Wednesday, March 10, 2010

Spring Break: A Panegyric

This being the last of my years in academe, this is the last of my Spring Breaks. Younger me would think that I should be marking the occasion by going on a trip. Grad school paychecks being what they are, however, there won't be any major trip.

Honestly, though, I'm okay with that, or perhaps even sort of happy. This break is going beautifully (albeit way too quickly, as per usual). I'm working out every morning (still doing the Jillian Michaels 30 Days of Hell dvd, which is toning me up something fierce), I'm ACTUALLY EATING BREAKFAST (this is a new and very unusual thing), I've been crocheting (the stupid scarf I've been working on since January is finally almost done), and I've been noveling again (FINALLY). I've gotten a couple thousand words so far this week. Nowhere near my November pace, but it's good, and I'm back to the characters having conversations I wasn't planning on them having and having those conversations drift off in directions I hadn't seen before they happened and I've re-planned out how the novel will begin and things are generally going swimmingly. It feels really good to be writing again. It's also really nice to have the week to write and think and write some more without the nagging constant guilty feeling that I'm supposed to be focusing on my teaching and trying to force some work on the damned dissertation and work on the job hunt and everything else.

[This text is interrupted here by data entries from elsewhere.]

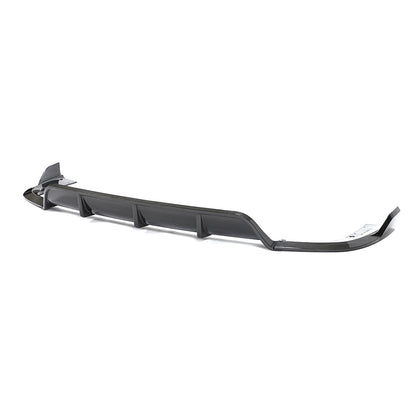 Carbon Diffuser voor BMW X5 G05 M-Sport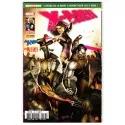 X-MEN LE MAGAZINE (MARVEL FRANCE) N°166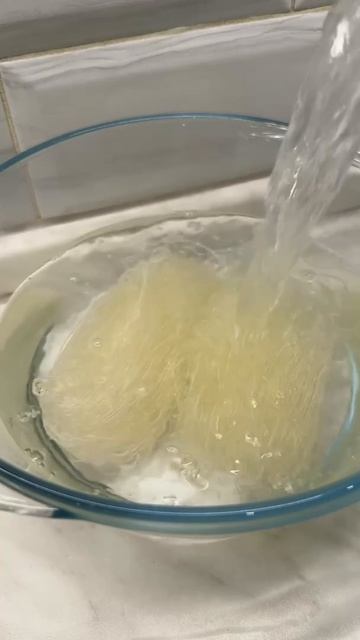 Фунчоза с курицей и овощами смотреть онлайн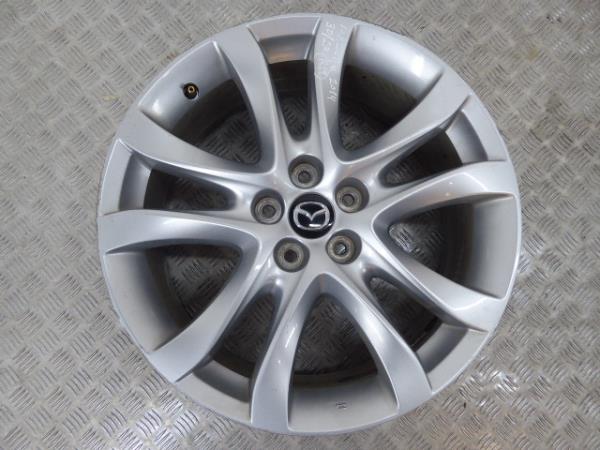 Conjunto de jantes MAZDA 6 Station Wagon (GJ, GL) Imagem-2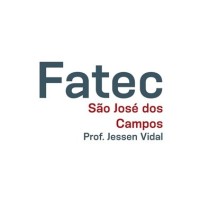 Fatec São José dos Campos - Prof. Jessen Vidal Logo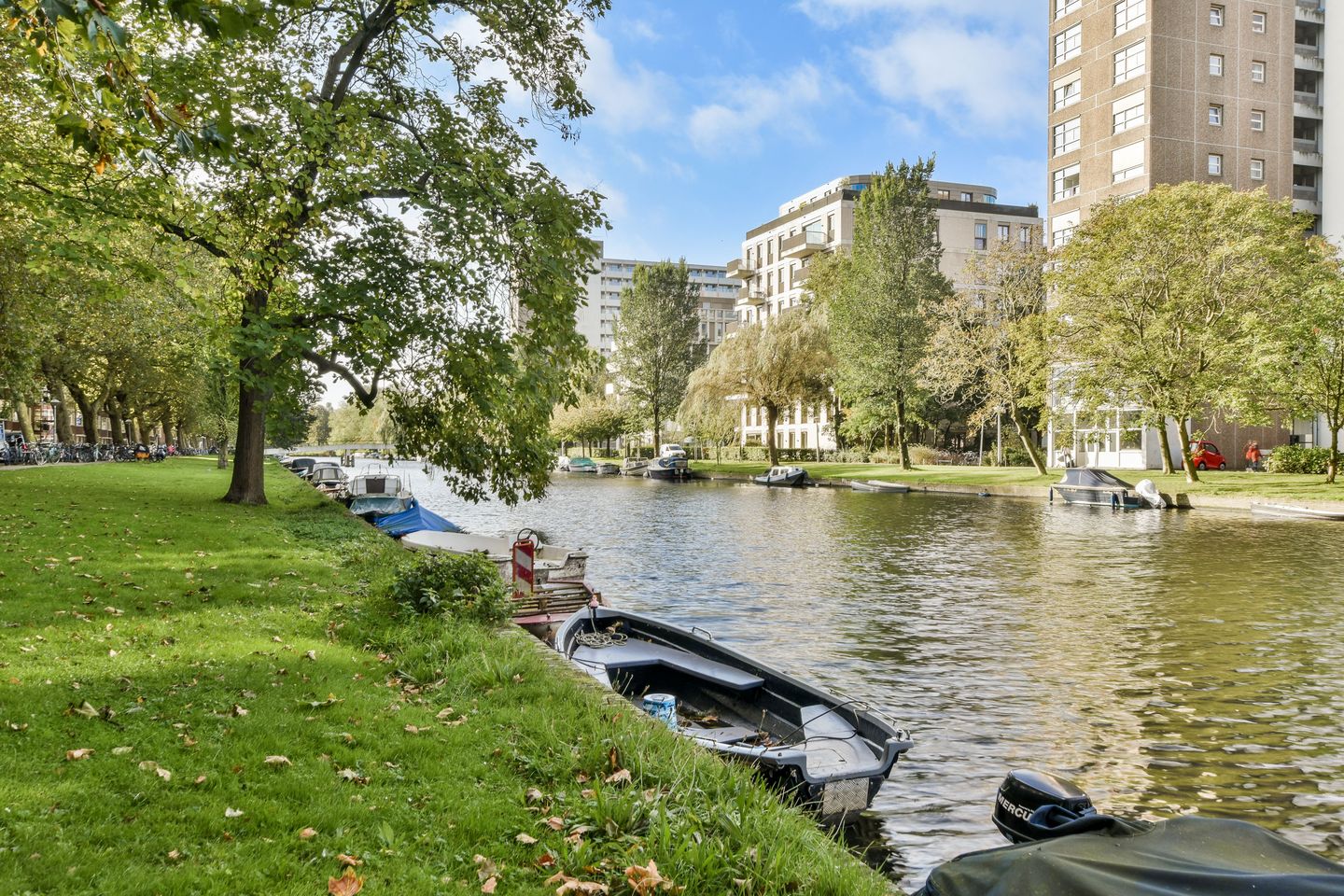 Foto 29 van Piet Gijzenbrugstraat 10-2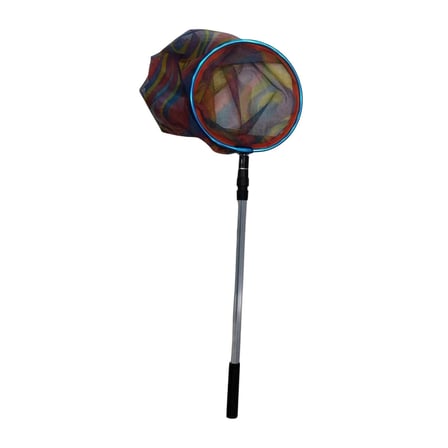 Oskar HB023 Kepçe 120cm 25*25 Yuvarlak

Even better: it's been in the 50s all week. After the snowiest winter I have ever lived through, the concept of the 50s is near-tropical. We even saw the sun here for a couple of days!

Tonight, Brownie and I are going to attempt to make duck. Why? We have the time, and I have some Wegmans gift certificates from my birthday to play with. On Saturday, we're taking our tax returns on a day trip to NYC. We're hitting the Strand for books (I refuse on principle to look for dissertation books), and I will finally (!) get to go play at the CB I Hate Perfume gallery. I mean, Cloudburst Accord. Wet Lawn Accord. And then we're going to go get some food somewhere. And maybe hit the Brooklyn Brewery while we're in Brooklyn.

What I'm saying is that I'm happier right now than I have been in months, if not longer. I think it's because I've given myself permission to spend a week not in academics, not surrounded by thoughts of the Ivory Tower, not wallowing in the overabundance of guilt and feelings of abject failure that I associate with my dissertation. I'm just taking care of myself and working on things that I find interesting and fun and productive. It feels awesome.

I know that when I get out of academics in May, I will be surrounded by the stress of a job hunt and then (preferably soon!) the stress of a brand new job in a brand new field and that leaving the academy does not mean that I'm leaving stress behind forever. To get this week, however, to devote to putting my emotional health back into some semblance of tolerability has been an absolute godsend.

So fare thee well, Spring Break. You've been good to me and I will miss you when you're gone. And I will probably try my level best to take a week off when possible in the Spring, just to see if I can recreate the sense of calm I feel right now.